* [INFORMATION]:
>>

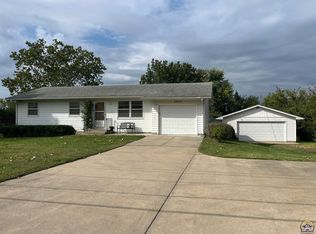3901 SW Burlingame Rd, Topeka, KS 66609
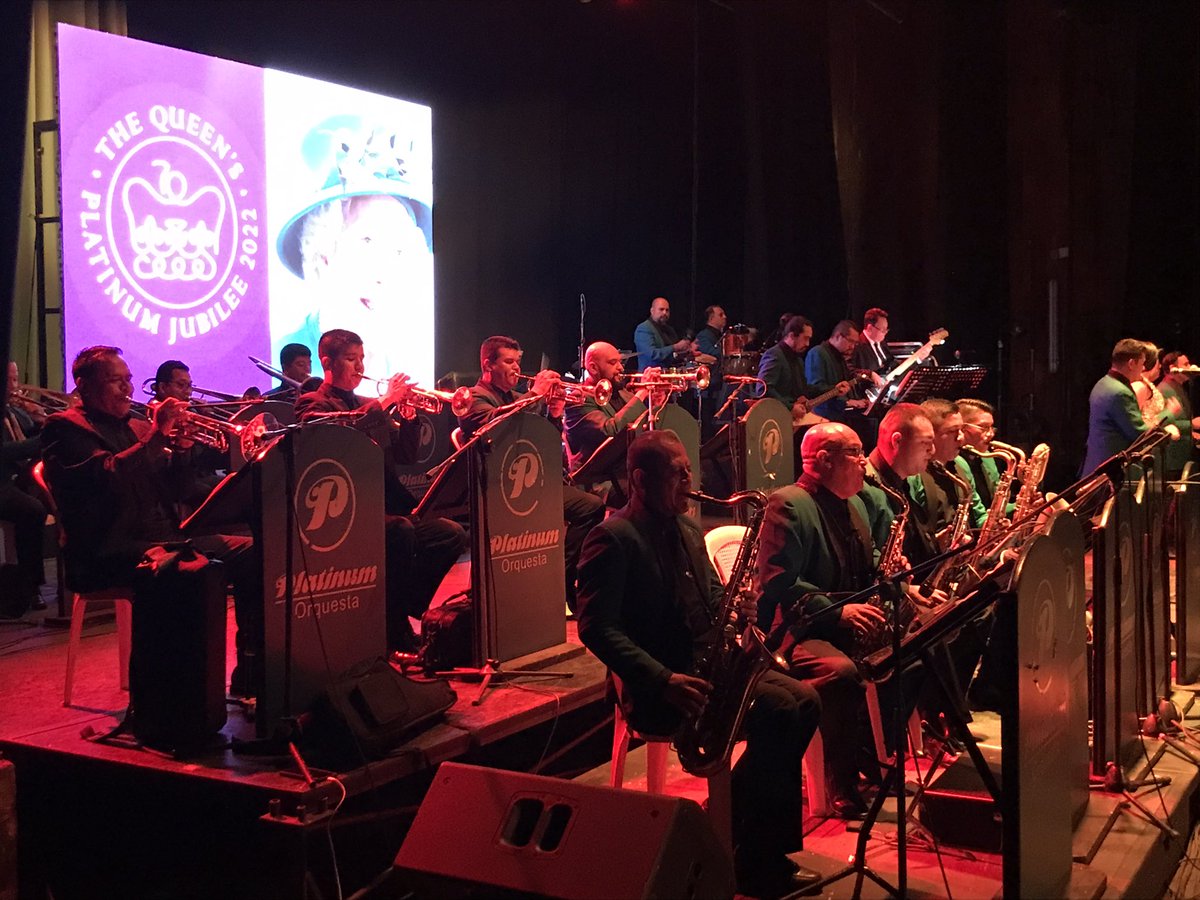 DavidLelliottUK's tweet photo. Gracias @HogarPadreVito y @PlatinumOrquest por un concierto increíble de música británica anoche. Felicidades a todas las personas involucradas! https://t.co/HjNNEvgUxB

<<
>>

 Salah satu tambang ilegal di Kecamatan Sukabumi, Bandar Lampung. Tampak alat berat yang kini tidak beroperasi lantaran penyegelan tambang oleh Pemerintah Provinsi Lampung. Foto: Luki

<<

* [EXERCISE INSTRUCTIONS]: Above are some entries; copy exactly the lines from the line with "3901 SW Burlingame Rd, Topeka, KS 66609" through the line with "DavidLelliottUK's tweet photo.", both included, but none of the pictures.

* [ANSWER FOR THE TASK]:
3901 SW Burlingame Rd, Topeka, KS 66609
 DavidLelliottUK's tweet photo. Gracias @HogarPadreVito y @PlatinumOrquest por un concierto increíble de música británica anoche. Felicidades a todas las personas involucradas! https://t.co/HjNNEvgUxB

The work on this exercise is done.